Von ähnlichem Gehalt ist die Bestätigung des Verbots des Kommunistischen Jugendverbandes Tschechiens (KSM), die heute gemeldet wurde. Der Jugendverband hatte gegen das Verbot, das die Regierung Topolánek im Herbst 2006 erlassen hatte, gerichtlichen Einspruch eingelegt. Offenbar hat das Gericht das Verbot nun bestätigt. Es handelt sich um einen ganz unerhörten Vorgang. Dem Jugendverband konnten keinerlei illegale Aktionen oder Absichten unterstellt werden. Die tschechische Regierung ging von vornherein so weit, den Jugendverband deswegen zu illegalisieren, weil zu seinem Programm gesellschaftliche Vorstellungen vom Gemeineigentum anstelle des Privateigentums an den Produktionsmitteln gehören, von der historischen Überholtheit des kapitalistischen Systems. Hier wird, einmalig für das Europa der vergangenen 40 Jahre, versucht, schon das Denken und öffentliche Diskutieren über die Überholtheit des Kapitalismus, und daß es vielleicht noch etwas Anderes geben könnte als das stumpfsinnige und ruinöse System der Lohnarbeit, das immer größere Menschenmassen und Regionen der Welt in die Verelendung treibt, zu kriminalisieren.
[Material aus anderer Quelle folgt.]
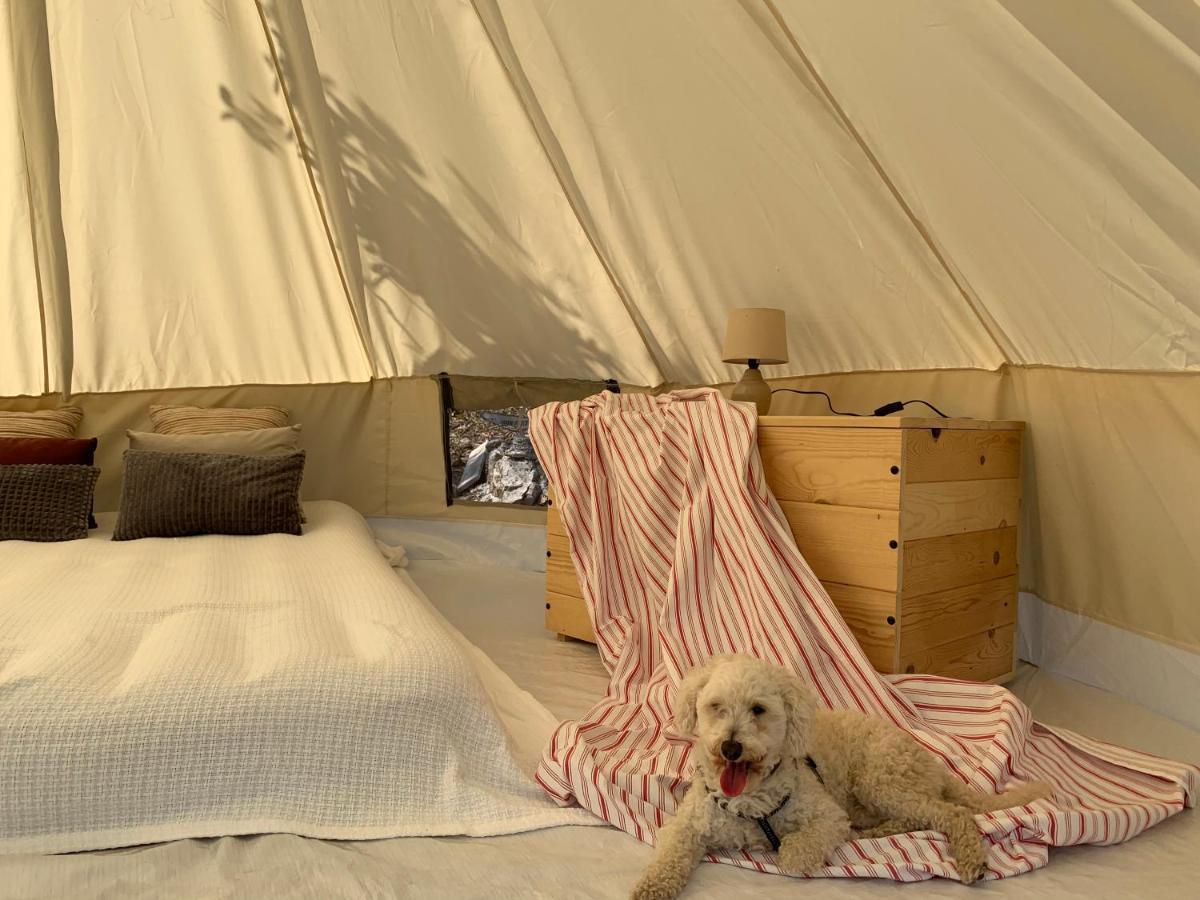 Bigova Glamping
Eine besondere Schärfe erhält diese Verbotsaktion der tschechischen Regierung noch dadurch, daß mit der KSM diejenige Organisation unterdrückt werden soll, die als erste und seit längerem die Pläne der tschechischen Regierung, in Kollaboration mit der US-Regierung das Land zusammen mit Polen zum Standort eines strategischen Raketenabwehrsystems der USA in Europa zu machen, aufgedeckt und bekämpft hat. Dieses Raketenabwehrsystem der USA in zwei Ländern der EU ist auch vom europäischen Interesse insgesamt her strikt abzulehnen, da es mit dem militärischen Schutz Europas absolut nichts zu tun hat, sondern im Gegenteil ein Instrument der USA in deren weltweiter Rivalität mit anderen Mächten, z.B. Rußland oder bald auch China oder auch anderen darstellt. In diese Rivalitäten hineingezogen zu werden, sollte Europa sich nicht mehr erlauben. Wer ernsthaft an einer europäischen selbständigen Position interessiert ist, sollte strikt gegen derartige Pläne Stellung nehmen.

Es ist im Interesse der ganz großen Mehrheit in den europäischen Ländern, daß solche Initiativen wie an deutschen Unis oder in der tschechischen arbeitenden und studierenden Jugend sich entwickeln können und gegen die Repression breiteste Unterstützung erfahren. Die Jugend hat ein unbedingtes Recht darauf, ihre eigenen Perspektiven in der kapitalistischen Gesellschaft zu thematisieren, denn die sind alles andere als rosig. Sie hat Recht, die Diktatur einer bildungsfeindlichen und kapitalistisch idiotisierten Staatsbürokratie über Wissenschaft und Lehre in Frage zu stellen. Sie hat Recht, wenn sie einer Koalitionsregierung rechtester mit grünen ökologistischen Kräfte wie in Tschechien den Kampf ansagt, die einen abenteuerlichen, europafeindlichen und US-hörigen außenpolitischen Kurs versucht.